Kurban Bayramı, kardeşliğin ve birliğin temsili ve yardımlaşmanın vücut bulduğu önemli bir dönem olması ve islâmi bilincin ihyasıyla yaşanan ulvi bir görevdir.

Bu görev bilincini, her zaman idrak ederek, yaşayıp ve yaşatacak ahlâklı ve şuurlu nesiller yetiştirmek, en önemli temennilerimizdendir.
Maneviyat dolu, mübarek bayram günlerindeki asıl maksat, kırılan gönülleri onarmak, kin tutmuş yürekleri yumuşatmak, sosyal ilişkileri güzelleştirmek, dayanışmayı, kaynaşmayı ve paylaşmayı sağlamak, millet olarak aramızdaki, birlik ve beraberlik bağını güçlendirerek, Allah’ın hoşnutluğunu kazanmaktır.

Ahiretimiz ve ebedi kurtluşumuz için, Allah'a yüreğimizi tam teslim ederek, bu mübarek bayram ibadetlerimizin anlamını ve önemi idrak ederek yaşabilmemizi cani gönülden diliyorum.

Bu vesileyle, Kur'an mütercimi
Türk edebiyatının duayeni, büyük üstad, milli şairimiz Mehmet Akif Ersoy'un bayram şiiriyle, fıtratımızda varolan yardımlaşma, paylaşma hisleri ve niyetleriyle, Allah-u Teala’nın mü’minlere hediyesi ve ihsânı, afv-ü mağfiret ve hakiki kurtuluşun nişanı olan mübarek kurban bayramımızı en kalbi duygularımla tebrik ediyor, aziz milletimizin birlik ve beraberliğine ve hayrlara vesile olmasını Cenâb-ı Hak’tan niyaz ediyorum.
"Âfâk bütün hande, cihan başka cihandır, 
( Ufuklar hep gülmekte, dünya başka dünyadır)
Bayram ne kadar hoş, ne şetâretli zamandır !

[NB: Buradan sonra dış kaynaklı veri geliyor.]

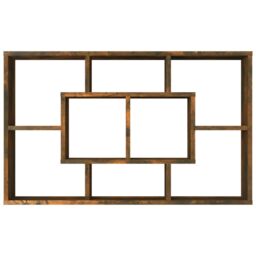 Berkfield Home Wall Shelf Smoked Oak 85x16x52.5 cm Engineered Wood in Brown - thumbnail 5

Bayramda güler çehre-imâ'sûm-i sabâvet.
( Bayram da güler Çocukluğun masum çehresi )
Ümmîd çocuk sûret-i sâfında iyandır.
( Umut, saf bir çocuk suretinde ayandır )
Ferdâ-yı sükûn perveridir sâl-i cidâlin.
( Bayram günleri mücadeleli bir yılın sonunda gelen huzurlu günlerdir)
Nevmîd düşen kalbe ümîd-âver-i candır.